Cuatro días antes de su partida al cielo, había estado hablando con un amigo acerca de don Javier Echevarría Rodríguez, Obispo Prelado del Opus Dei, quien en la festividad de la Virgen de Guadalupe entregaría su alma definitivamente a Dios.
Conocí personalmente al Padre, como familiarmente se le llamaba, el martes 10 de mayo de 2004 durante un encuentro en Roma, previo a una audiencia en la cual podría saludar al ahora San juan Pablo II. En esa reunión, en la sala de su casa en Villa Tévere, acababa de iniciarse el día anterior el proceso de beatificación de Monseñor Álvaro del Portillo, su inmediato antecesor al frente de la Obra.
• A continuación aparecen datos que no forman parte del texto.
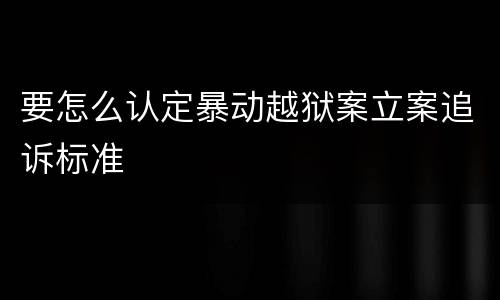 要怎么认定暴动越狱案立案追诉标准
Don Javier, tan afable como era, me dijo “vamos guapo, dame un beso” y siempre habré de recordar al darle el beso fraterno en la mejilla, lo bien afeitado que estaba; es algo muy simple, pero me ha servido todos estos años para encomendarlo a diario mientras lucho con la afeitadora.
Lo vi de lejos cuatro veces en sus dos hondas y extensas catequesis y visitas pastorales a Colombia en 2001 y 2015, pero sólo en abril de 2016 pude saludarlo de nuevo, otra vez en Roma, cuando me dijo “en la Universidad de La Sabana tenéis una gran labor apostólica que no podéis descuidar”; sin embargo, más allá de los dos saludos personales, en mi archivo, junto a una carta de Juan Pablo II, tres de Benedicto XVI y seis de Francisco, las de dos cardenales de Bogotá y cartas de cuatro obispos colombianos, están las diez cartas de don Javier, que comienzan en septiembre de 1996 y culminan en septiembre 22 de 2016, llenas de ese amor filial y sobrenatural que era lo suyo, e incluso, en la primera, se refiere al Cacique de Turmequé.
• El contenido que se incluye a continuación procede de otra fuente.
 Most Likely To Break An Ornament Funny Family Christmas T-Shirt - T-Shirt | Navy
En esas cartas de familia, además de agradecerme siempre mis libros, ocasión de poner a Cristo en la cumbre del quehacer universitario, en el centro de los corazones de las mujeres y de los hombres de hoy, me habla de nuestro trabajo bien acabado y del servicio a los demás en medio de las dificultades, de los cuales el Señor se sirve para que muchas personas encuentren la auténtica alegría de vivir en cristiano, seguros en la filiación divina y de las muestras de la predilección de Dios por cada uno de nosotros.
El Padre sintió siempre como propios los sufrimientos de cada colombiano, se solidarizó con cada uno, rezó por cada uno y siempre pedía por la paz de Colombia con gran esperanza y un gran sentido de responsabilidad.